My world came tumbling down on June 26, 2008. I was numb and shocked to hear that my daughter Monica had been shot and killed. I didn’t want to live anymore. Monica was gone forever and her children Essence and Noah are the only physical parts of her that remain.

Growing up, Monica and I bumped heads like any other normal mother-daughter relationship. We were just starting to get close again when she was killed. The thing I admired most about my daughter was that she was a great mother. Ten years ago, when I first met Anton Kenneth Duckett, I voiced my concerns to Monica. I told her four words that still haunt me today.

“Monica, he’s bad news.”
“You’d feel that way about anybody,” she said.

I didn’t know the depth of my words until now. That was the first time I met him and the only time I said something outright to her about their relationship. It wasn’t until October 2007 that she responded back, telling me about the trouble she was in. One night, she called me upset saying that Anton had threatened to kill her. She got a second restraining order against him and wrote letters to her kids that very day as if she knew what might occur.

“If you’re reading this, then something must have happened to me. I love you…know that I am in a better place,” she wrote in her letter to Noah.

It has been unbelievably hard and even more difficult to swallow that there are laws in place that should have prevented Monica’s death. I never expected to be putting flowers on her grave. That’s why I want to pass “Monica’s Law.”If such a law was in place at the time, it would have allowed for stricter, more protective legislation against abusive fathers who use their visitation rights to stay close to their victims.
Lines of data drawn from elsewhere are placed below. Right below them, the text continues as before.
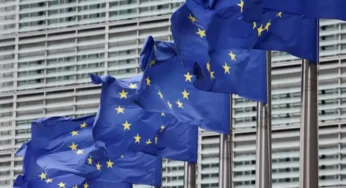 EU Sanctions Israeli Settlers, Targets Hamas’ Politburo Members Over Palestinian Abuse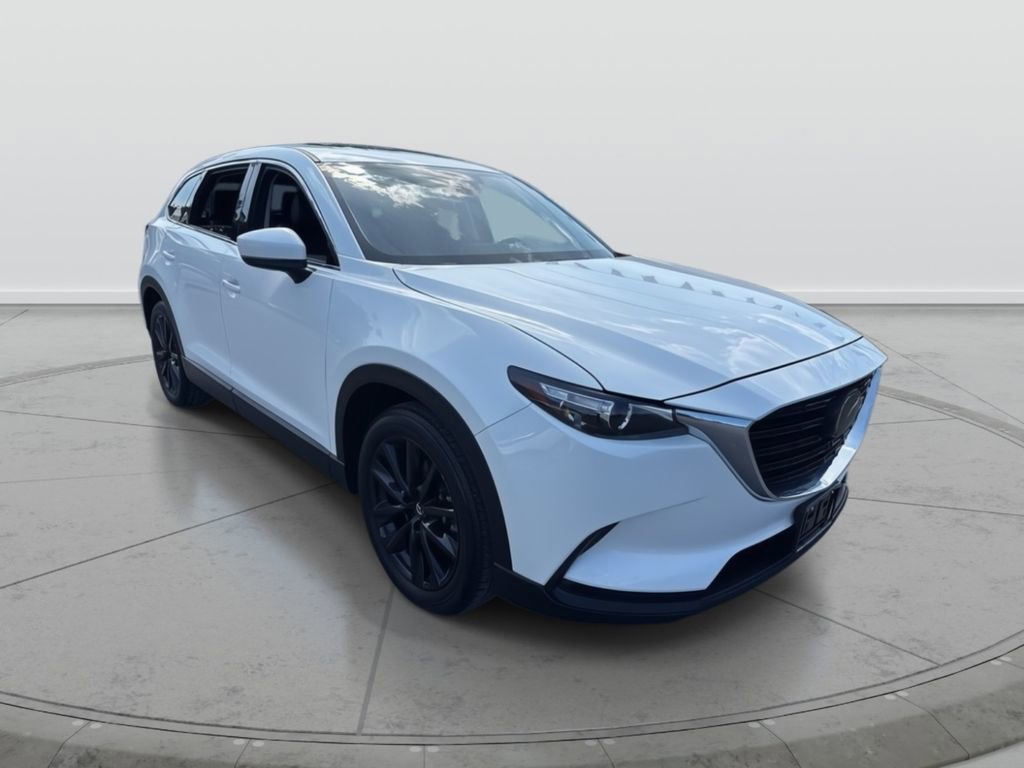 Used 2023 MAZDA CX-9 Touring Plus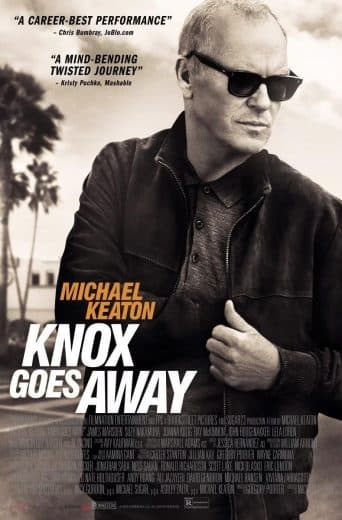 Knox Goes Away 2023 (2023)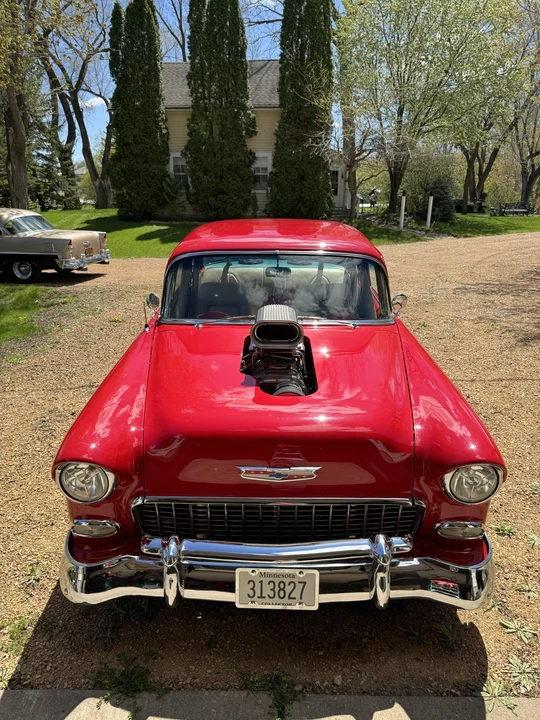 1955 Chevrolet 150 & 210 - Image 25 of 31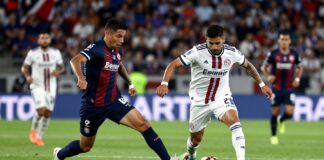 Clásico de la Liga MX: ATL San Luis vs Necaxa, emociones y puntos en juego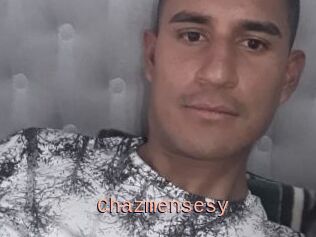 Chazmensesy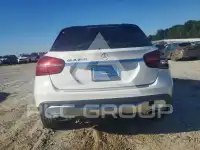2020 Mercedes Benz GLA-Class photo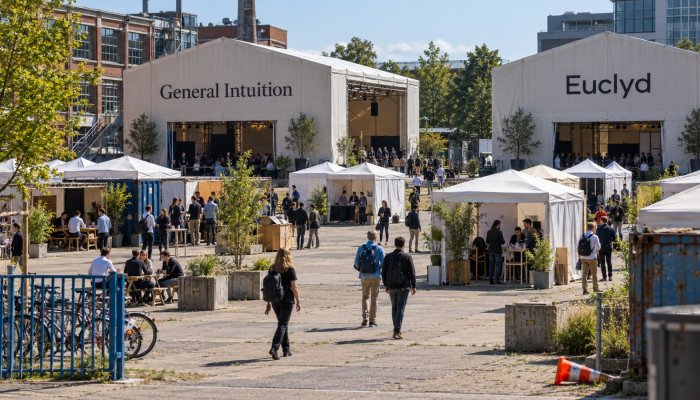 Startups halen €3,1 miljard op, maar 83,9% gaat naar grote rondes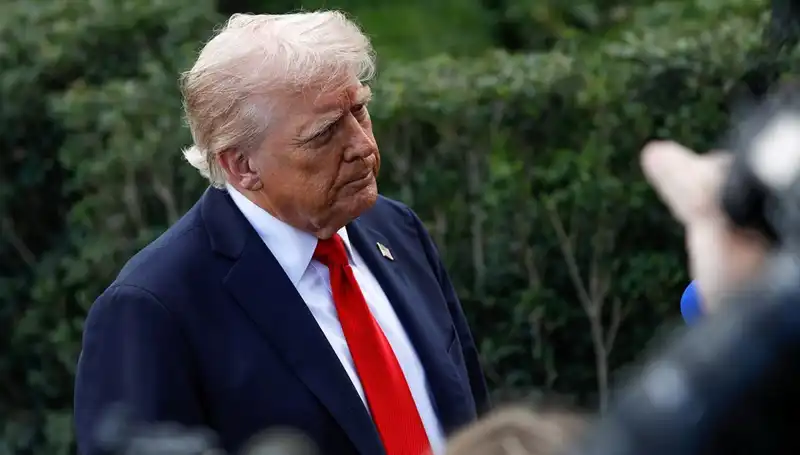 Trump, Rusya-Polonya Meselesinde Hatalar Yapıldığını Açıkladı!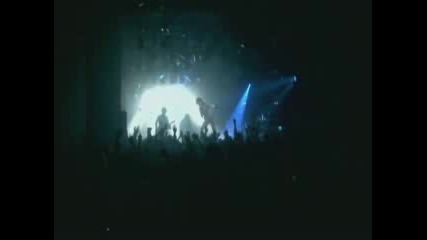 Rentrer En Soi - The Abyss Of Despair Live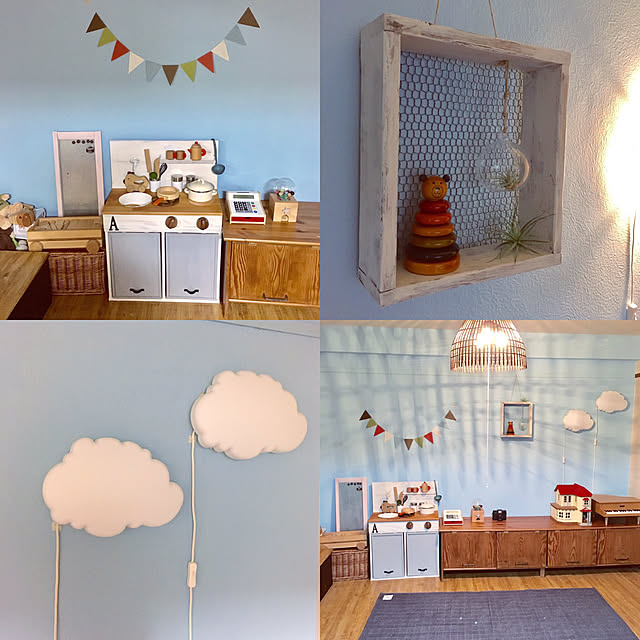Ikea イケア Duktig おもちゃ レジ おままごと用のレビュー クチコミとして参考になる投稿7枚 Roomclip ルームクリップ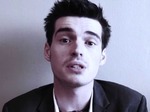 Jon Long artist photo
Anton had constant contact with Monica because of the kids. Under this type of law, Monica could have withheld visitation until Anton completed a risk-assessment class in domestic violence or face three to five years of jail time for violating the restraining order.

On the one-year anniversary of her death this summer, my family and I, with the help of local supporters, held a candlelight vigil against domestic violence. We chose to have part of the vigil at the Montclair YMCA Family Center. I wanted to see where she took her last breath, thinking at the time that it would help me to reach a sense of closure. That was a mistake. It only troubled me even more.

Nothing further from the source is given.